# WHAT IS NEEDED
Quote only the span from the first line of the entries to the line containing "Stay Strong Vertical", both ends kept. Leave every picture out.

Data entries:

-*-

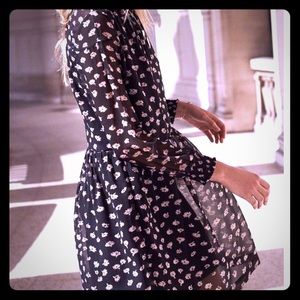 Madewell Floral Mock Neck Dress Size Medium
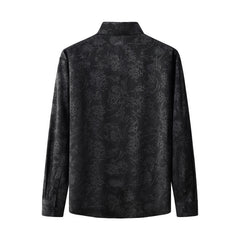 Eminence Floral Jacquard Stitchless LS Shirt BLACK
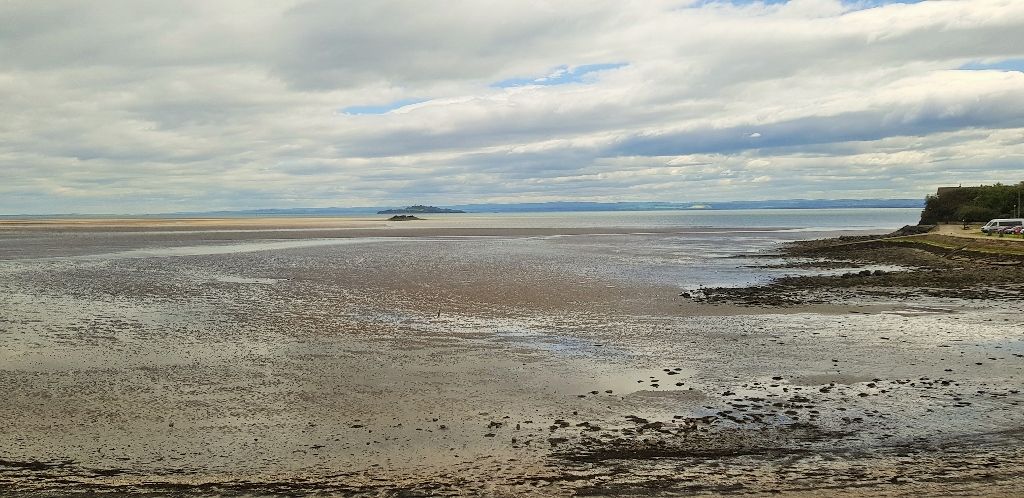 The view from the north shore of the Firth of Forth on a train between Edinburgh and Dundee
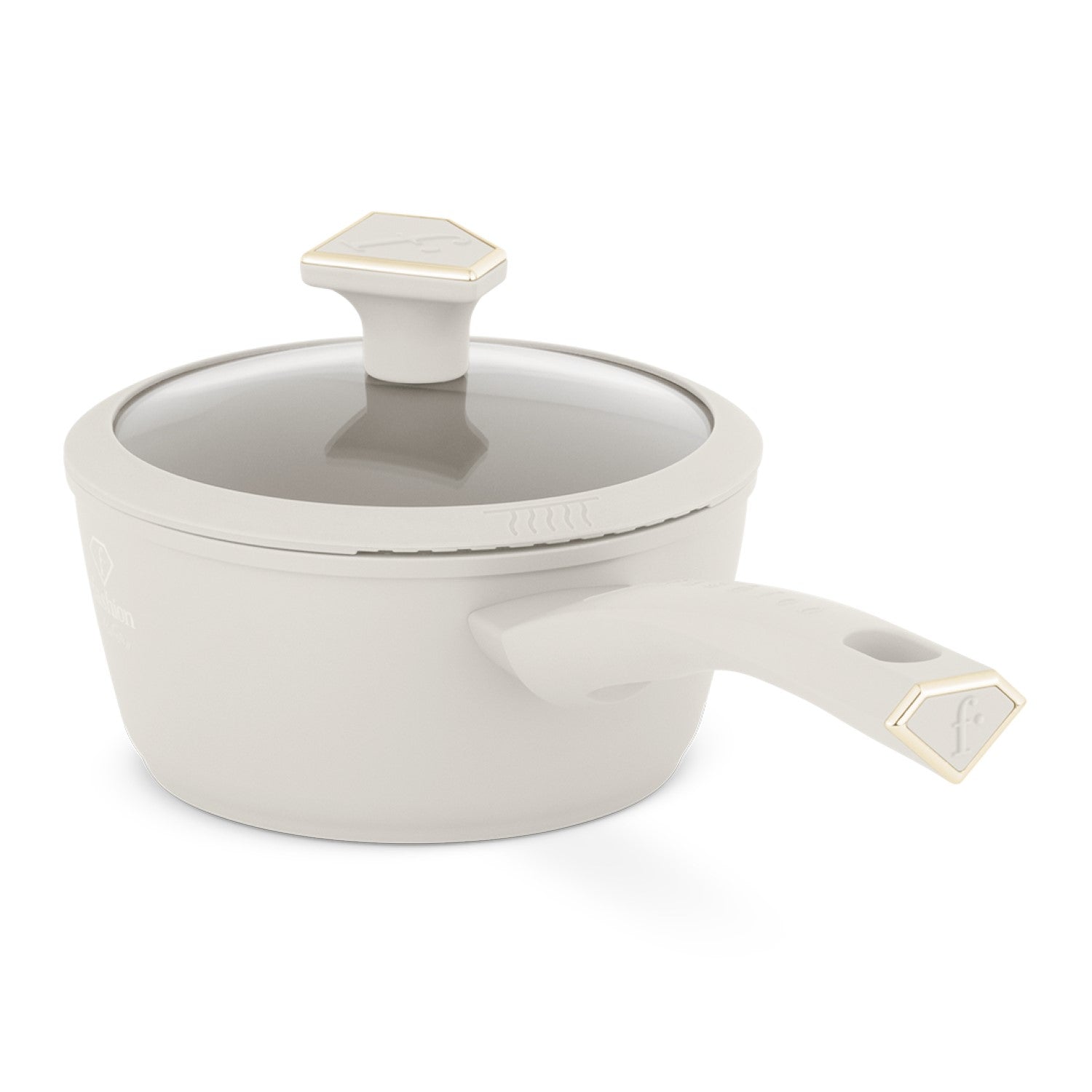 Fashion By Berlinger Haus 16cm TitanPro Non-Stick Sauce Pan with Lid - Cream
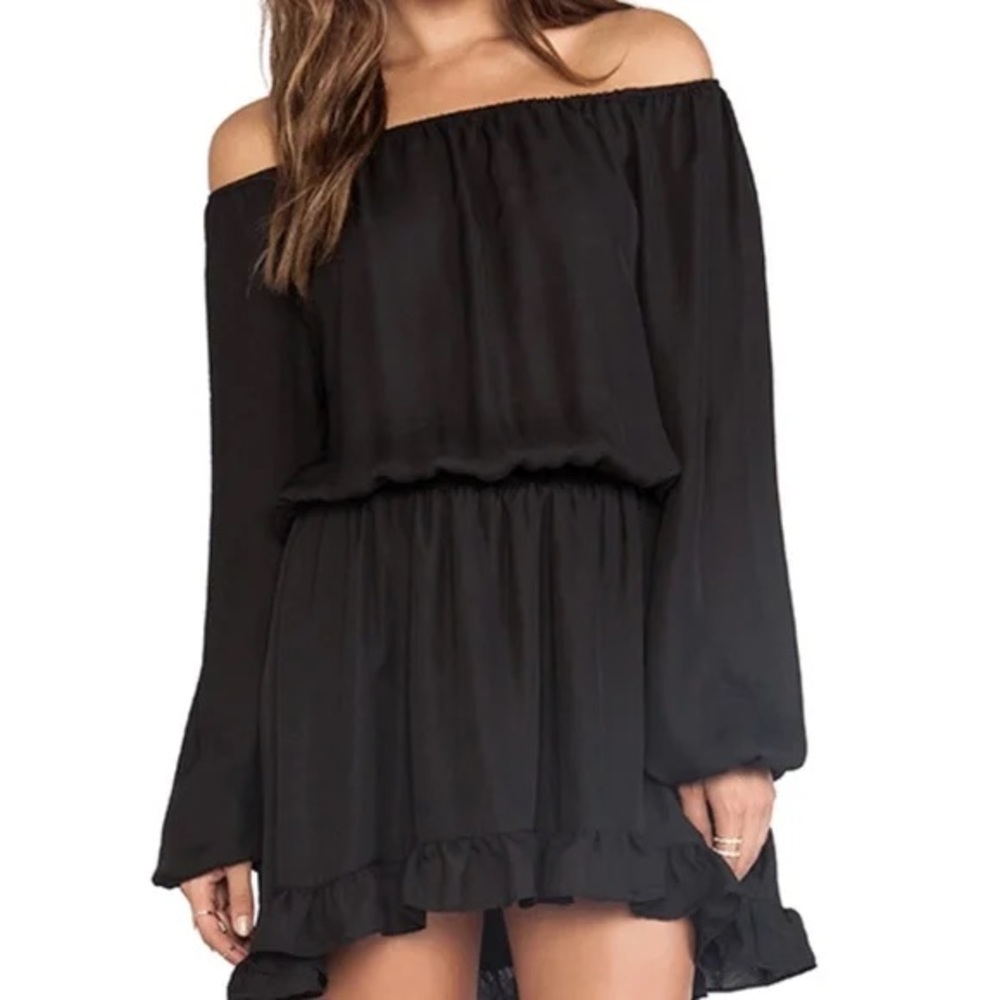 Show Me Your Mumu Black Ruffle Dress with Sleeves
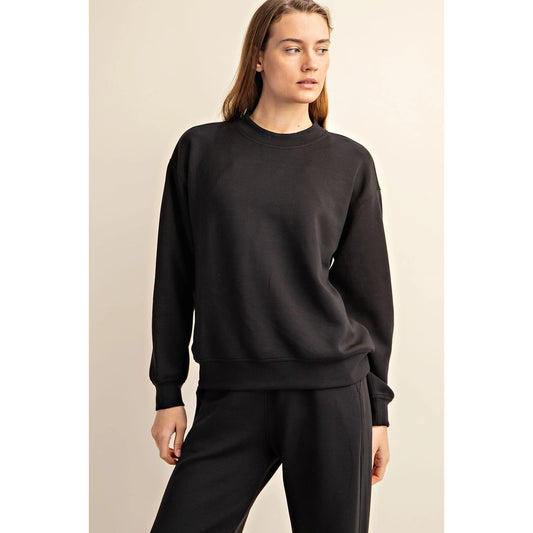 Black Classy Mock Neck Pullover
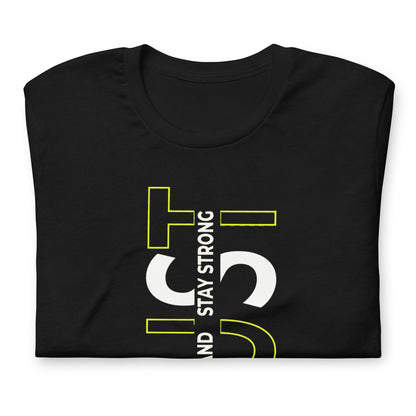 Stay Strong Vertical Typographic Tee - Modern Minimalist Urban Streetwear T-Shirt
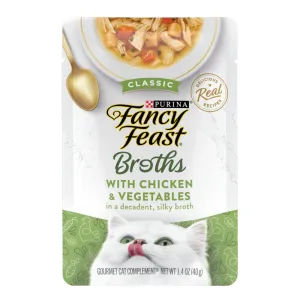 Fancy Feast Classic Broths with Chicken & Vegetables Supplemental Cat Food Pouches cat calming diffuser cat stress relief anxiety cat treats cat relaxing spray pet mood aid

-*-

# RESULT OF THE EXERCISE
 Madewell Floral Mock Neck Dress Size Medium
 Eminence Floral Jacquard Stitchless LS Shirt BLACK
 The view from the north shore of the Firth of Forth on a train between Edinburgh and Dundee
 Fashion By Berlinger Haus 16cm TitanPro Non-Stick Sauce Pan with Lid - Cream
 Show Me Your Mumu Black Ruffle Dress with Sleeves
 Black Classy Mock Neck Pullover
 Stay Strong Vertical Typographic Tee - Modern Minimalist Urban Streetwear T-Shirt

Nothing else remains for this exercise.